Hoy en día especialmente entre millennials y la Generación Z, se observa un fenómeno que no podemos ignorar: la baja natalidad. En América Latina, según datos de la CEPAL, la tasa de nacimientos ha caído de manera significativa en la última década, pasando de 2.1 a 1.8 hijos por mujer en promedio. Este descenso coloca a la región por debajo del reemplazo generacional (2.1), lo que implica que la población dejará de crecer en algunos países si la tendencia continúa. Al mismo tiempo muchos hogares jóvenes muestran otro patrón curioso: parejas que deciden no tener hijos o solo uno, pero invierten tiempo, dinero y afecto en “perrihijos” o “gato-hijos”. Compañía inmediata, afecto seguro, planes sin interrupciones... pero sin legado. Como escribía el Papa Francisco, “Sí, perros y gatos ocupan el lugar de los hijos... y así la civilización se vuelve más vieja y sin humanidad, porque se pierde la riqueza de la paternidad y de la maternidad” (Carta apostólica Patris corde). No se trata de despreciar a los animales ni negar su valor afectivo. La Laudato si’ nos recuerda que somos custodios de la creación: el amor a los animales es bueno, pero no reemplaza nuestra misión como padres humanos (LS 66). Tener hijos implica asumir riesgos y responsabilidades, pero también abre la puerta a la plenitud de la vida y a la verdadera entrega.
Cuando la comodidad, la autonomía o el miedo a “perder la libertad” prevalecen, estamos eligiendo un camino más egoísta, aunque disfrazado de libertad personal. El acto de renunciar a la paternidad y la maternidad, si no es por imposibilidad biológica, es un egoísmo que empobrece la sociedad y la propia humanidad, como explicaba Francisco: “La paternidad y la maternidad son la plenitud de la vida de una persona... pero quien vive en el mundo y se casa, debe pensar en tener hijos, en dar la vida, porque serán ellos los que les cerrarán los ojos, los que pensarán en su futuro... Tener un hijo siempre es un riesgo, pero es más arriesgado no tenerlos” (Cfr. Patris corde).
Este egoísmo moderno no se manifiesta como un mal consciente. Se presenta como libertad: viajar sin contratiempos, dormir hasta tarde, organizar la vida sin responsabilidades inesperadas. Pero la Sagrada Escritura recuerda que la verdadera libertad es la que se construye en la entrega, no en la evasión: “Hijos son herencia del Señor, el fruto del vientre es recompensa” (Salmo 127,3). Asumir la paternidad y maternidad es abrir la vida al otro, aprender la paciencia, el sacrificio, la entrega incondicional y la alegría que trasciende la satisfacción individual.

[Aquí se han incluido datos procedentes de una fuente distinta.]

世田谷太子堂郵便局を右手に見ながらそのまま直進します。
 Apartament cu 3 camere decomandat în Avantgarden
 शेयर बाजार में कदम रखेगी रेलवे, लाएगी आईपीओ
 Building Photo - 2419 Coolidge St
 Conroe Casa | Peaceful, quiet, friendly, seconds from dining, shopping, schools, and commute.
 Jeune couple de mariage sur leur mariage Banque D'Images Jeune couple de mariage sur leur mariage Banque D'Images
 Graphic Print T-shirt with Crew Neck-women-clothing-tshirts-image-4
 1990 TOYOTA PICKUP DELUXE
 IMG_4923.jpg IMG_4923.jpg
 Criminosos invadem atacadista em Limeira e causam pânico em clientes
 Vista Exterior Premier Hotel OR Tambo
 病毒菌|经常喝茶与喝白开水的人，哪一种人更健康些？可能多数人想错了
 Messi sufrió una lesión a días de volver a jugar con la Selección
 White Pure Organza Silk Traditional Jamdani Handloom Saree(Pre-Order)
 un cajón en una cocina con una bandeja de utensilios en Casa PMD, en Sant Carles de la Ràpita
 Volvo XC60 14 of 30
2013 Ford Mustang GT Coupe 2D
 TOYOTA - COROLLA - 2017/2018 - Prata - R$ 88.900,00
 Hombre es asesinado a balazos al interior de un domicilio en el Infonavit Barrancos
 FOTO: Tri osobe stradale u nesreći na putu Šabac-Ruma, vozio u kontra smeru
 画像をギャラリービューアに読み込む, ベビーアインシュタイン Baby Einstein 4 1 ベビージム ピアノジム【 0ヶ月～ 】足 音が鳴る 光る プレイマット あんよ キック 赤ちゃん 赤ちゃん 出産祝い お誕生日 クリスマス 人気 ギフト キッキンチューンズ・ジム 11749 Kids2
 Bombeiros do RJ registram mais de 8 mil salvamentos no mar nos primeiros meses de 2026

El contraste con los “perrihijos” es evidente: las mascotas nos dan afecto seguro y sin exigencias, mientras que los hijos humanos nos desafían, nos corrigen, nos enseñan a vivir en comunidad y a proyectarnos más allá de nosotros mismos. Cada niño que llega es un riesgo, un proyecto, una promesa; cada decisión de acogerlo responsablemente, incluso por adopción, es un acto de generosidad que construye futuro y humanidad (Cfr.Patris corde). En una sociedad que celebra la independencia y la comodidad, es necesario recordar que la entrega a la vida humana no es limitación: es plenitud. Negar la paternidad y la maternidad voluntariamente es renunciar a algo esencial: no solo para uno mismo, sino para la comunidad, para la Iglesia y para el país. Tener hijos, o asumirlos en adopción, nos obliga a crecer, a mirar más allá de nosotros, a experimentar la verdadera libertad en la entrega. Al final, la pregunta que queda abierta es una sola: ¿queremos solo compañía sin legado, o estamos dispuestos a arriesgarnos a amar, educar y dejar una huella que trascienda nuestra comodidad? Elegir la plenitud de la vida humana es asumir el riesgo más grande de todos: dar la vida y, con ella, recibirla en toda su riqueza.